Même durant les cérémonies officielles sa curiosité de lectrice transparaît et elle met mal à l'aise les dignitaires étrangers. Pas de chance, le premier à en faire les frais est notre président Français. Le protocole en prend un sérieux coup.

"Maintenant que nous sommes en tête à tête  dit la reine [...]. Je vais pouvoir vous poser les questions qui me tracassent au sujet de Jean Genet.
_Ah... oui, dit le président [...]
_Il était homosexuel et il a fait de la prison mais était-ce un mauvais garçon ? Ne pensez vous pas qu'il avait un bon fond, au contraire ? [...]
N'ayant pas été brifé au sujet du dramaturge chauve. Le président chercha désespérément des yeux sa ministre de la Culture" (pages 9-10)

Bientôt son peuple est au courant de sa nouvelle et dévorante passion et en vient parfois à lui poser des questions difficiles sur la littérature populaire mais donc elle se sort avec tact et dignité.

De nombreux visiteurs auraient souhaité avoir avec elle cet échange intellectuel et lui avouaient qu'ils étaient justement en train de lire Harry Potter. Mais peu portée sur le fantastique, la reine réagissait toujours de la même manière : << Oui, disait elle un peu sèchement, nous gardons cela en réserve pour un jour de pluie >>, avant de passer à l'invité suivant.   (page 48)

C'est le deuxième livre que je lit d'Alan Bennett et c'est toujours un moment de lecture agréable, l'humour y est toujours fin et le personnage principal parfaitement caractérisé. Contrairement à son autre livre qui n'était que pure fiction, La reine des lectrices impose à son auteur de mélanger fiction et réalité. L'entourage de la reine, ses serviteurs et conseillers sont bien entendu de pures inventions par contre le premier ministre, le président français, sa famille, eux si ils ne sont nommés que par leurs fonctions  ou leur liens avec la reine (les princes, le premier ministre etc...) sont bien censé être réels. Au lecteur de décider de les nommer ou non. La guerre en Irak est aussi évoquée le temps d'un paragraphe plein de dérisions sur le monde politique

"_Sa majesté adore la lecture
 _Personnellement, j'adore me faire sucer la bite. Mais je ne demande pas au premier ministre de me rendre ce service."
(page 90)


La reine des lectrices est un petit roman typiquement british de facture classique.
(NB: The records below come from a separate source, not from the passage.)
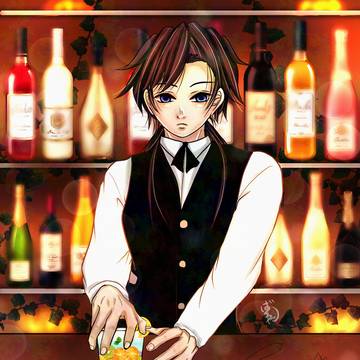 イースターとカクテル🍸+🍓他
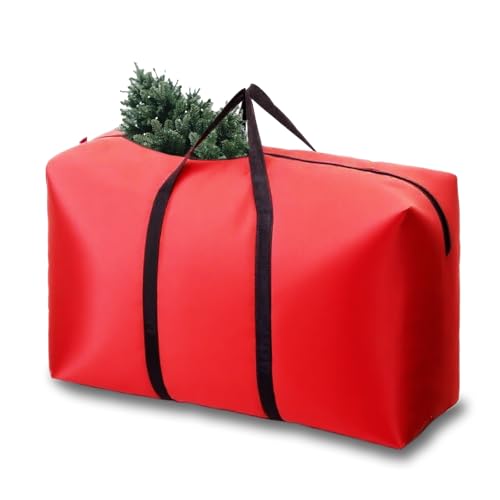 Christmas Tree Storage Bag Heavy Duty 600D Oxford for 3-5ft Trees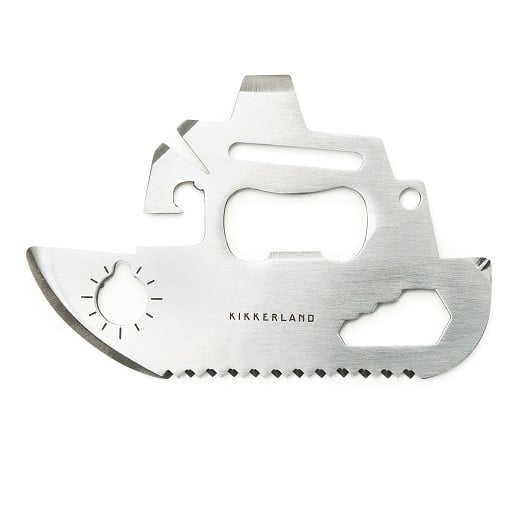 Survival Multitool Boot - cadeau van Kado in Huis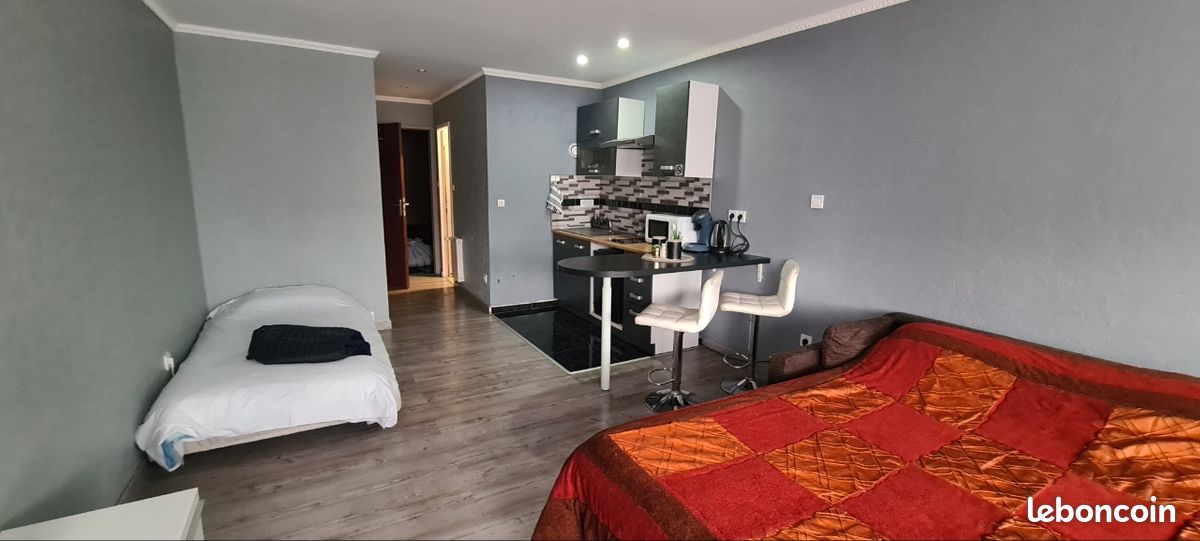 Appartement 1 pièce 27 m² · à Chalon-sur-Saône · 27 m² · 55 000 €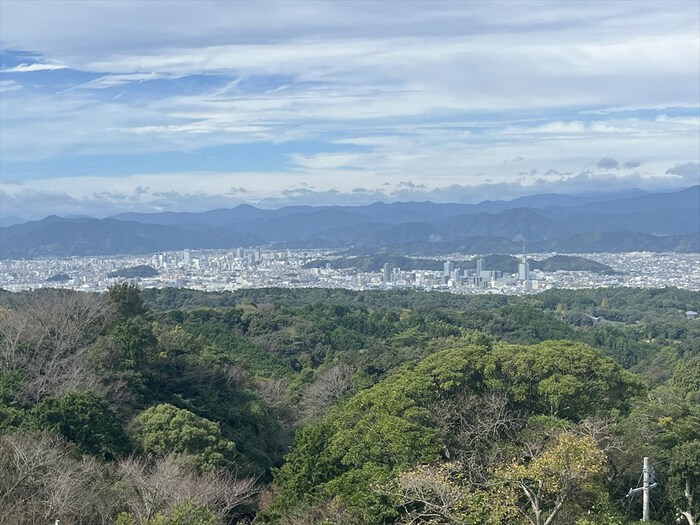 日本平（有度山）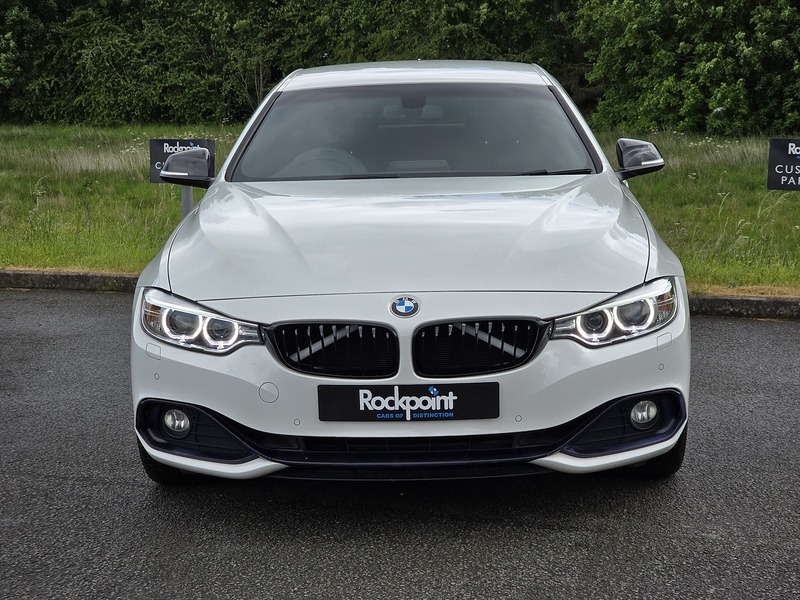 BMW 4 Series Gran Coupe 420i Sport - U91320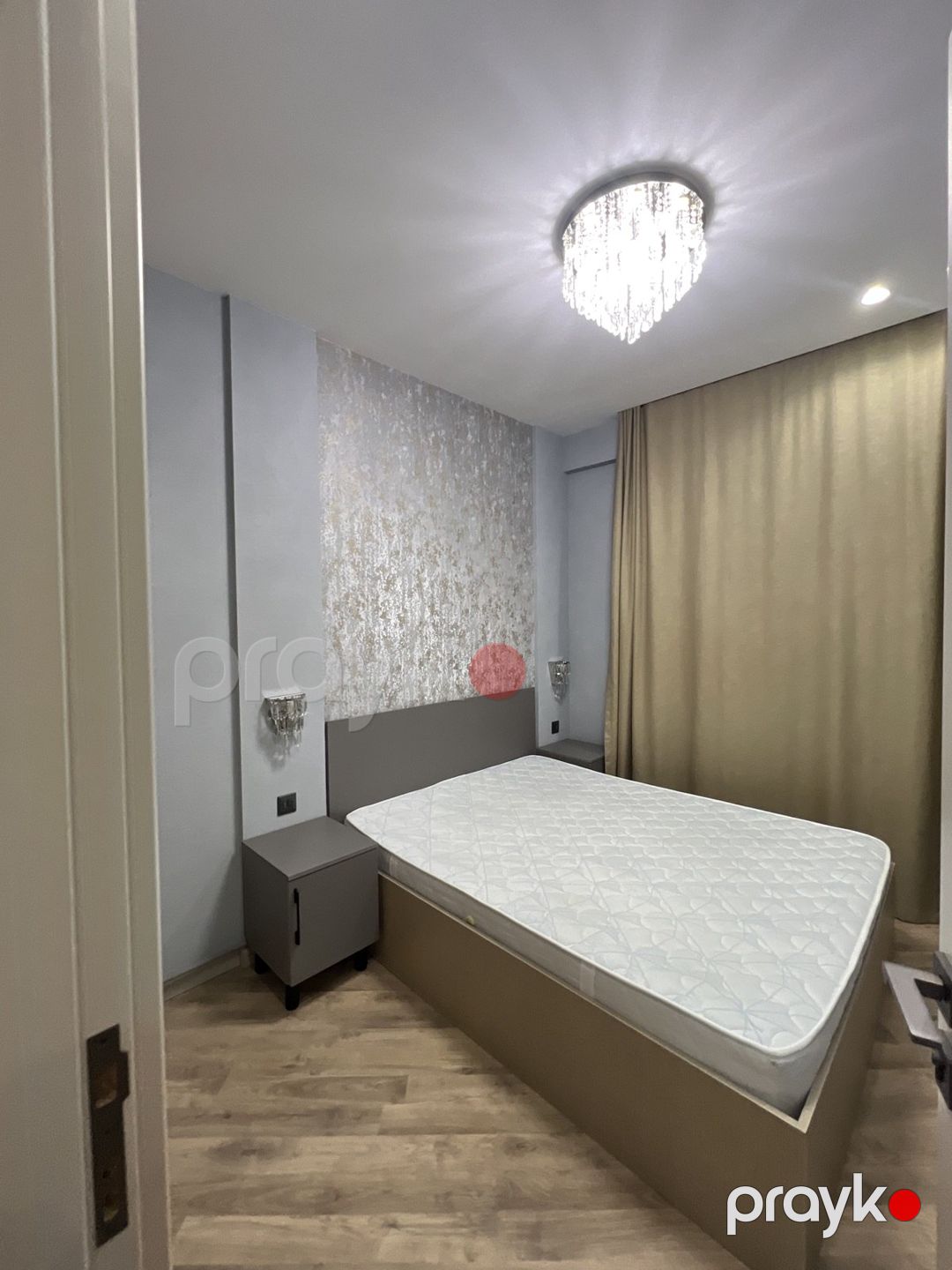 İcarəyə verilir 2 otaqlı yeni tikili 60 m² — Mənzil, Bakı (4)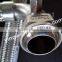 annular corrugated flexible metal hose with braids/Flexible Metal Hose Assemblies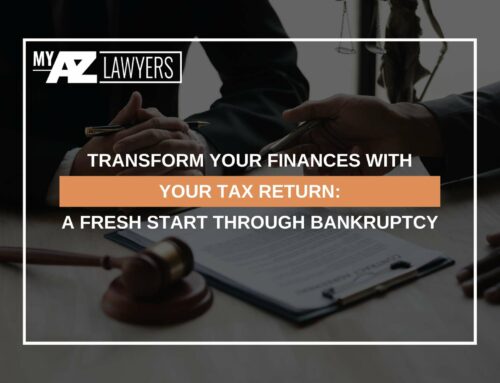 Transform Your Finances with Your Tax Return: A Fresh Start through Bankruptcy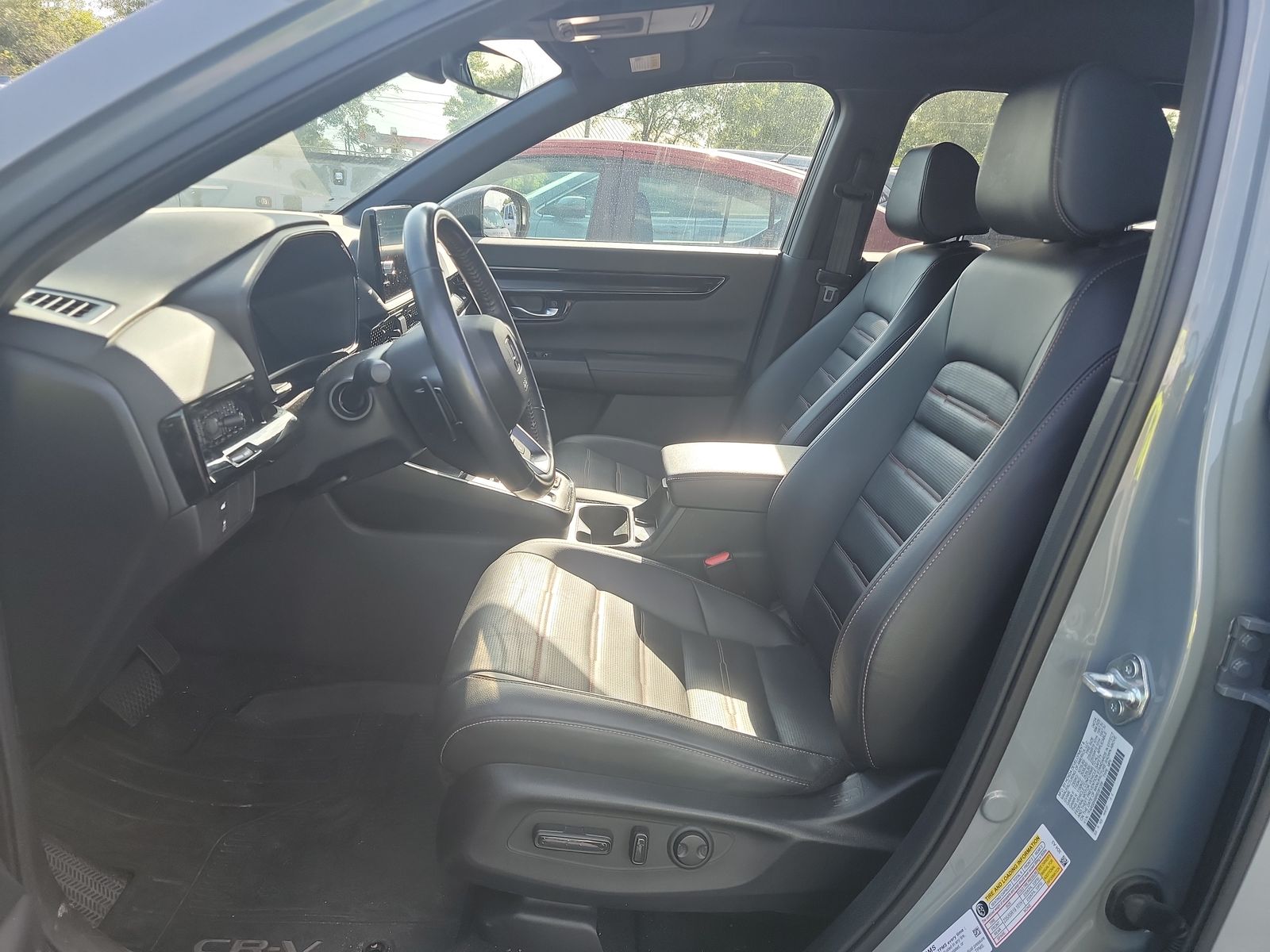 2024 Honda CR-V Hybrid Touring AWD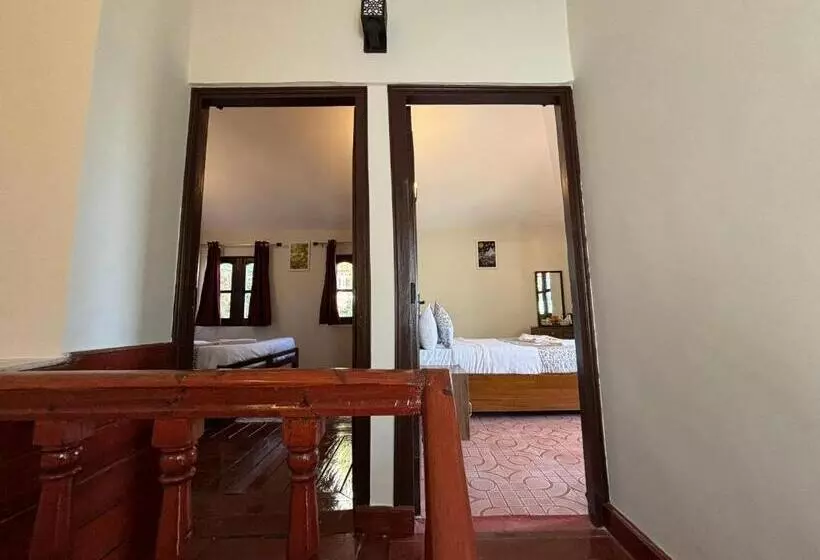 ホテル Himdarshan Villas By Sukhmani Resorts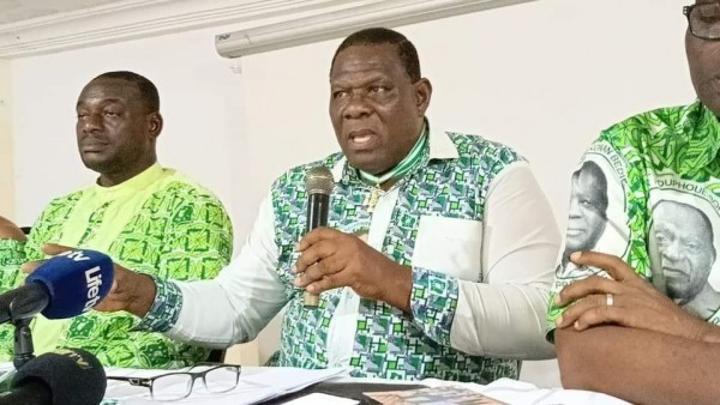 PDCI, des opposants à la candidature de Dia Houphouët décident d'apporter leur soutien à Bictogo, un meeting annoncé PDCI, des opposants à la candidature de Dia Houphouët décident d'apporter leur soutien à Bictogo, un meeting annoncé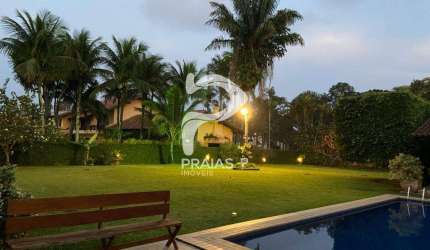 Terreno em condomínio fechado à venda na Comendador José Berloffe (rua 10), --, Jardim Acapulco, Guarujá por R$ 1.800.000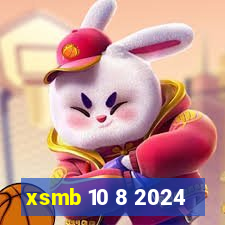 xsmb 10 8 2024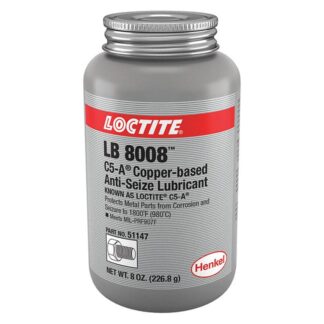 Loctite 234263 C5-A Copper Anti-Seize Lubricant 8oz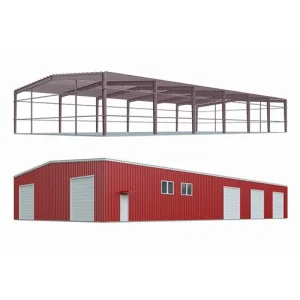 طراحی سازه‌های فولادی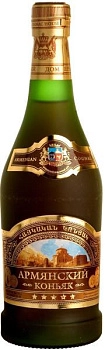 Коньяк  Армянский Samkon 5 * 500 мл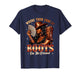 Boots On The Ground Cowgirl Black Women Africa Black History T-Shirt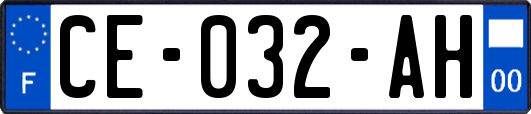 CE-032-AH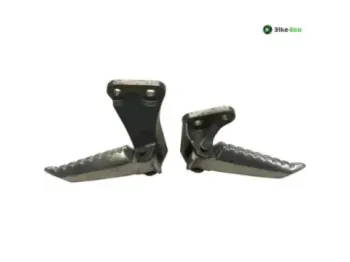 Platine et repose pieds arriere droit et gauche YAMAHA GPD 125 2017-2019 NMAX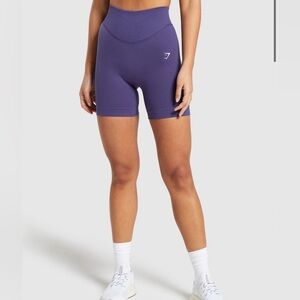 NWT Gymshark Sweat Seamless shorts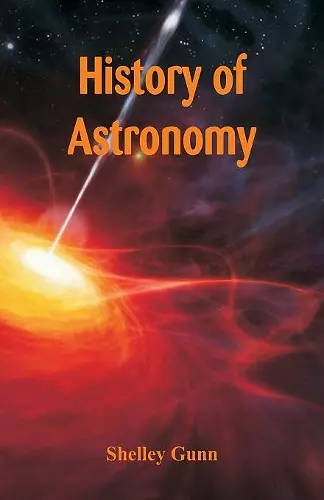 History of Astronomy cover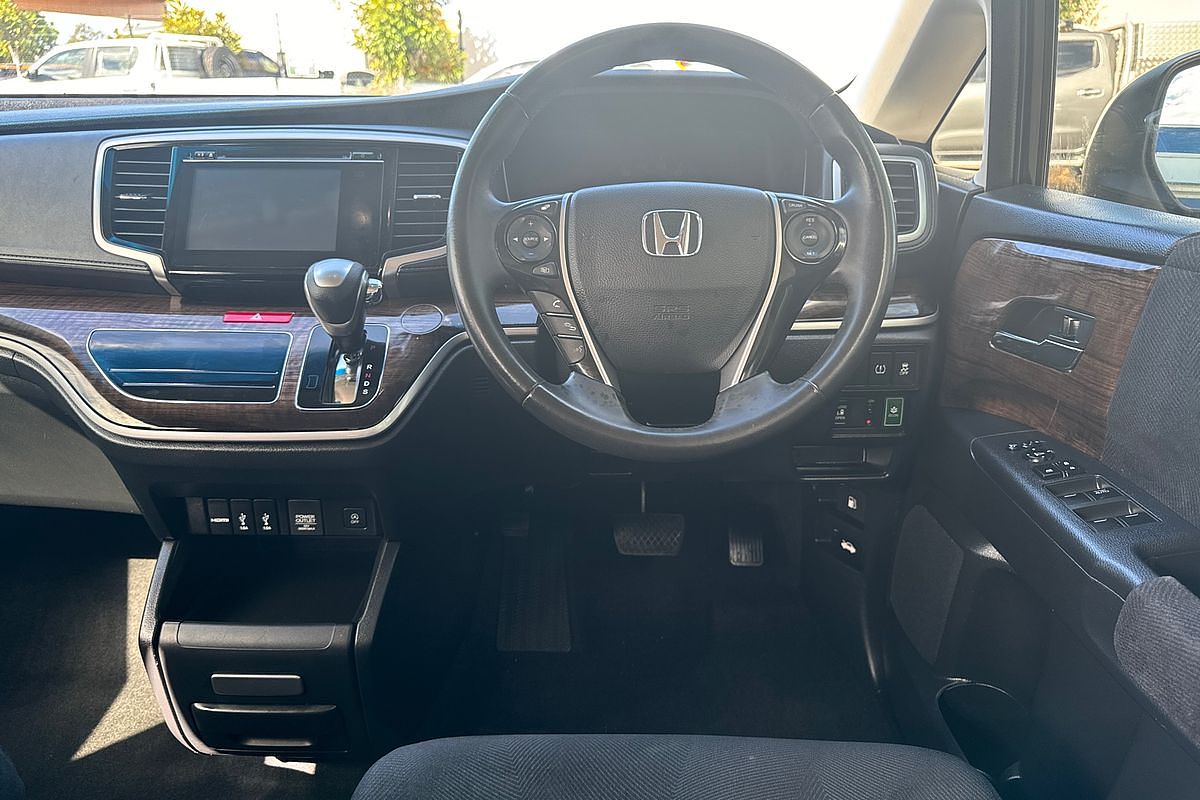 2020 Honda Odyssey VTi 5th Gen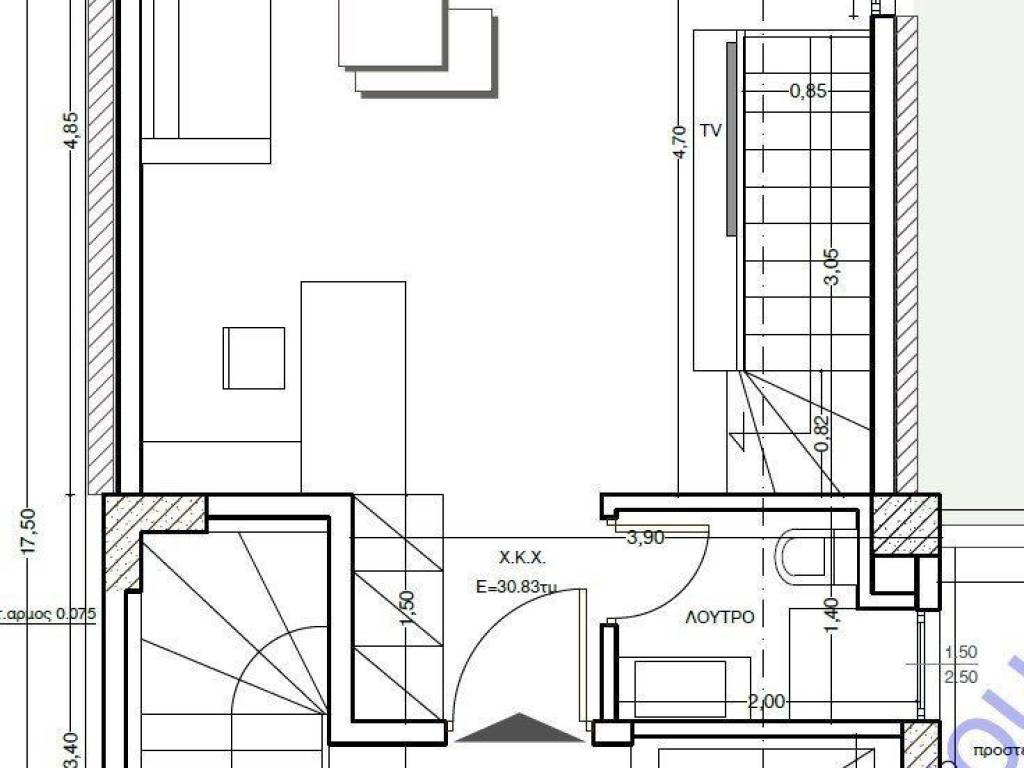 Forumland Real Estate, Κάτοψη Δώματος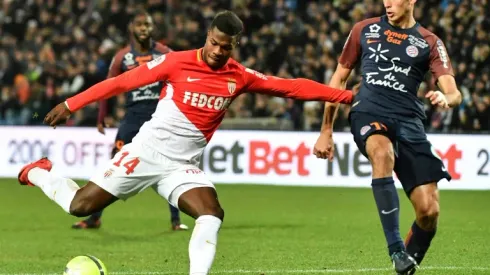 Monaco frustrated as Marseille sink Rennes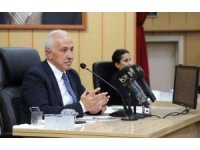 Gültak: "Mersin’i lojistik üssüne ve güçlü bir liman şehrine çevirmenin temelini atıyoruz"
Il ne cherche pas à impressionner son lecteur mais au contraire de lui proposer quelques subtiles réflexions sur la lecture auquel il ne pourra qu'opiner du chef et un agréable vaudeville minutieusement orchestré. Un livre qui se dévore en une soirée, idéal pour s'aérer la tête entre deux livres sérieux.


La reine des lectrices, Alan Bennett, Traduit de l'anglais par Pierre Ménard, Editions Gallimard, collection Folio [04/2010], Titre original : The uncommon reader, Publication original [2007], 123 pages.